Cosa lo rende speciale? E perché l’autore ha voluto ampliarlo, scardinando quella che viene considerata la normale “vita” di un libro? Quest’ultimo contiene le memorie familiari, personali e del Paese in cui è ambientato, l’Argentina, attraverso un intero secolo. L’idea del progetto nasce da un ricordo molto vivido nella mente di Neuman: dopo un lutto spiacevole, lo scrittore si reca dalla propria nonna per farsi raccontare un “ricordo d’infanzia”. Ascoltando il flusso di pensieri della donna, si accorge di essere di fronte a “descrizioni estremamente fisiche”, che lui considera un vero e proprio miracolo letterario, poiché gli consentono di “avvicinarsi al corpo fantasma dei suoi antenati”. Da qui, si deduce lo scopo della sua dialettica: “Il lavoro della parola è creare una presenza e, quindi, negoziare un’assenza”. La storia de Una volta l’Argentina comincia da uno scambio epistolare intrattenuto con la nonna e, di conseguenza, dall’esigenza di completare l’ultima lettera da lei inviata.

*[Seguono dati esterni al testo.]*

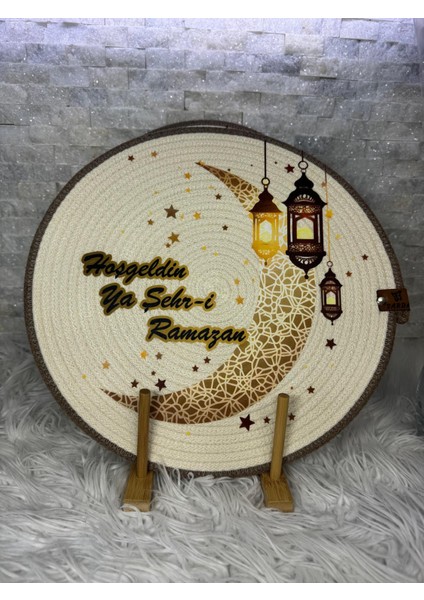 Ramazan Temalı Baskılı Supla Takımı Sofra Sunum Amerikan Servis 6 Adet 33 cm x 33 cm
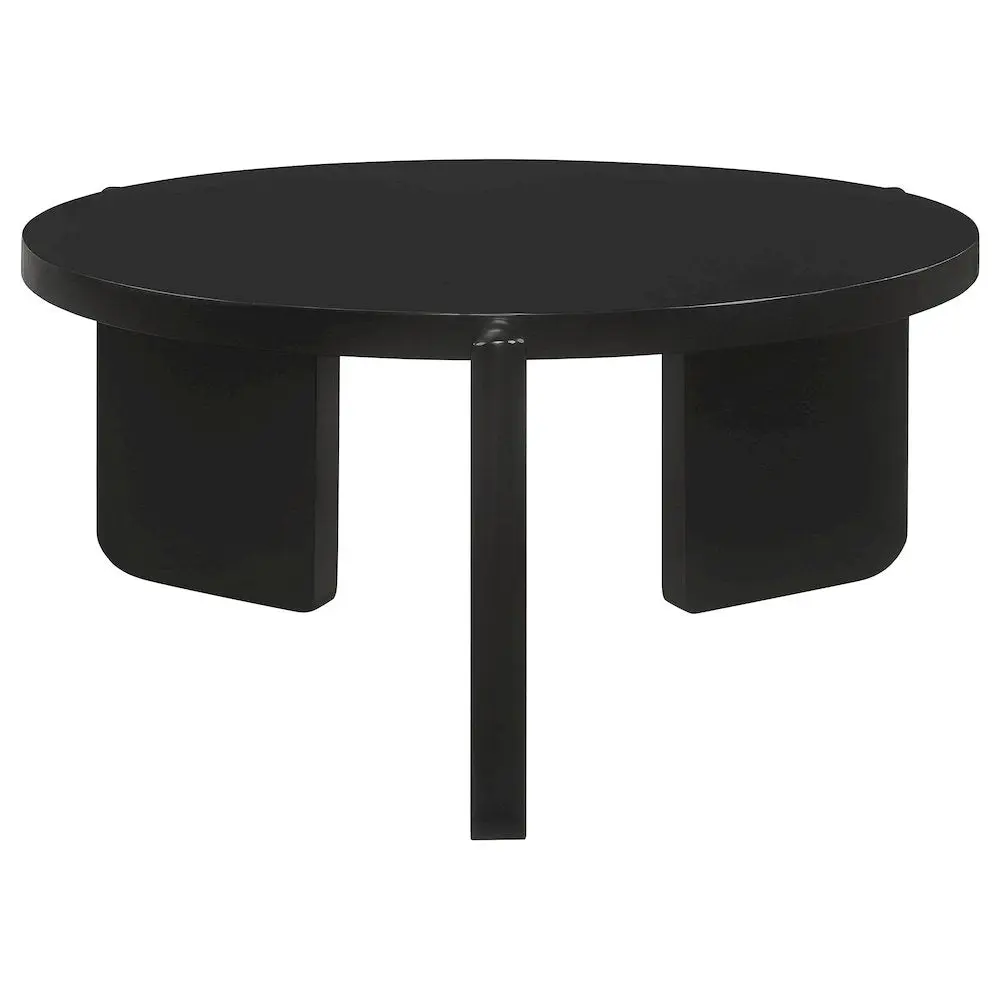 Cordova Round Solid Wood Coffee Table - Black Indoor Furniture with Circular Shape, Sturdy Base for Living Room Spaces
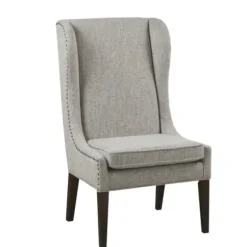 Dining Chairs-Kirkland's Home Heather High Wingback Dining Chair Gray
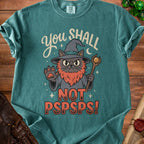 T-shirt with a wizard cat graphic and the text "You SHALL NOT PSPSPS!".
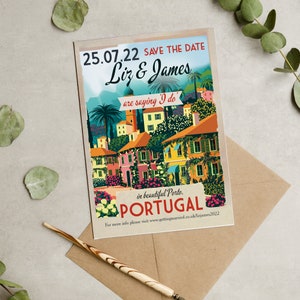 Portugal, Portuguese, Vintage Destination Postcard Wedding Save the Date Cards and Envelopes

Prima di buttarsi a capofitto nella stesura, Neuman unisce le testimonianze di alcuni parenti e dà origine a un puzzle della storia dell’Argentina nel ventesimo secolo. Come? Grazie alla stratificazione di diverse voci, alla consultazione di numerose fonti, alla volontà di “lasciare una traccia”, all’investigazione politica di un Paese, ma anche a interviste, archivi e film. Tramite questi strumenti di consultazione prettamente storica, l’autore ha voluto “creare un’intimità con i suoi predecessori, che non ha mai avuto la possibilità di conoscere”.
Neuman tratteggia un intreccio dal senso profondissimo. Lo stile adottato è denso, complesso, poetico ed estremamente musicale; non è un caso che il suo obiettivo sia suscitare nel Lettore sensazioni di estraneità per la lingua-madre, un “qualcosa di noto e misterioso allo stesso tempo”. Per identificare un unico fil rouge in tutti i capitoli, l’incontro si è concluso con un aneddoto personale, il “ricordo preferito” di Neuman: il nonno Mario, che prima di morire l’ha accompagnato a piantare un albero in giardino. È quest’albero (genealogico e multi-lingue) a essere intriso di milioni di significati: non solo le sue radici sono rifugio e riparo, ma il detto del poeta José Martí “Plantar un árbol, escribir un libro y tener un hijo” dà allo scrittore una “missione da seguire”. Di fatto, suo nonno resterà per sempre un albero intraducibile, ma memoria che – come un albero – può essere trapiantata di luogo in luogo. O di libro in libro.